== YOUR GOAL ==
This exercise calls for every record to be set down again, exactly and in full.

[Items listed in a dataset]
/---
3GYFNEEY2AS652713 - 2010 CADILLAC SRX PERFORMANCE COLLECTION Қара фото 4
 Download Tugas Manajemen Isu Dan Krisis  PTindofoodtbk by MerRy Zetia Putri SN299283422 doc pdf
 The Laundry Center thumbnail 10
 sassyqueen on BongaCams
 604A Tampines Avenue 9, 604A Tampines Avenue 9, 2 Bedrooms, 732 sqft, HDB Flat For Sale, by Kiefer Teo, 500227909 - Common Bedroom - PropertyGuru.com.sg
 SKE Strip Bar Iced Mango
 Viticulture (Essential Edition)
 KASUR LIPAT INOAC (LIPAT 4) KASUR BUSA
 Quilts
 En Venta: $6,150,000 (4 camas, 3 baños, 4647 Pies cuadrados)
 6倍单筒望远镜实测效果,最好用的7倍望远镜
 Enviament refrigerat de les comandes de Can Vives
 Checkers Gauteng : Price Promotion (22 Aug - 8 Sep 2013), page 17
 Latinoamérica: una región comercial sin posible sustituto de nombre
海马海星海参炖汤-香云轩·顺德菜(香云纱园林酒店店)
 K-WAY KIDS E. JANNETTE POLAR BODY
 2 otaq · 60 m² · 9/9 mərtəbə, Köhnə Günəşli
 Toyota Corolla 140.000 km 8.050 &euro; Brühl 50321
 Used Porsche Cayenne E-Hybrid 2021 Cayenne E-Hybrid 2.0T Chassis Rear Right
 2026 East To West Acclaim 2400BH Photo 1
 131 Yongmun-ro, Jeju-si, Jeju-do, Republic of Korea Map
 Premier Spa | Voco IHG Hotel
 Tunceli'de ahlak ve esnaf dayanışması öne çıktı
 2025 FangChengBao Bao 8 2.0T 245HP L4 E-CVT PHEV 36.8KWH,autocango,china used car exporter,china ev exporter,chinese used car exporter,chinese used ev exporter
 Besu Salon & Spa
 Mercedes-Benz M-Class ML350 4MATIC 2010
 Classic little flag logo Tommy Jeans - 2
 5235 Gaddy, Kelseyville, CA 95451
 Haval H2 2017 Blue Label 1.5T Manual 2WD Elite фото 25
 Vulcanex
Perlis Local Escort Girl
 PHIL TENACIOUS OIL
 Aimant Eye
\---
== EXERCISE ANSWER ==
3GYFNEEY2AS652713 - 2010 CADILLAC SRX PERFORMANCE COLLECTION Қара фото 4
 Download Tugas Manajemen Isu Dan Krisis  PTindofoodtbk by MerRy Zetia Putri SN299283422 doc pdf
 The Laundry Center thumbnail 10
 sassyqueen on BongaCams
 604A Tampines Avenue 9, 604A Tampines Avenue 9, 2 Bedrooms, 732 sqft, HDB Flat For Sale, by Kiefer Teo, 500227909 - Common Bedroom - PropertyGuru.com.sg
 SKE Strip Bar Iced Mango
 Viticulture (Essential Edition)
 KASUR LIPAT INOAC (LIPAT 4) KASUR BUSA
 Quilts
 En Venta: $6,150,000 (4 camas, 3 baños, 4647 Pies cuadrados)
 6倍单筒望远镜实测效果,最好用的7倍望远镜
 Enviament refrigerat de les comandes de Can Vives
 Checkers Gauteng : Price Promotion (22 Aug - 8 Sep 2013), page 17
 Latinoamérica: una región comercial sin posible sustituto de nombre
海马海星海参炖汤-香云轩·顺德菜(香云纱园林酒店店)
 K-WAY KIDS E. JANNETTE POLAR BODY
 2 otaq · 60 m² · 9/9 mərtəbə, Köhnə Günəşli
 Toyota Corolla 140.000 km 8.050 &euro; Brühl 50321
 Used Porsche Cayenne E-Hybrid 2021 Cayenne E-Hybrid 2.0T Chassis Rear Right
 2026 East To West Acclaim 2400BH Photo 1
 131 Yongmun-ro, Jeju-si, Jeju-do, Republic of Korea Map
 Premier Spa | Voco IHG Hotel
 Tunceli'de ahlak ve esnaf dayanışması öne çıktı
 2025 FangChengBao Bao 8 2.0T 245HP L4 E-CVT PHEV 36.8KWH,autocango,china used car exporter,china ev exporter,chinese used car exporter,chinese used ev exporter
 Besu Salon & Spa
 Mercedes-Benz M-Class ML350 4MATIC 2010
 Classic little flag logo Tommy Jeans - 2
 5235 Gaddy, Kelseyville, CA 95451
 Haval H2 2017 Blue Label 1.5T Manual 2WD Elite фото 25
 Vulcanex
Perlis Local Escort Girl
 PHIL TENACIOUS OIL
 Aimant Eye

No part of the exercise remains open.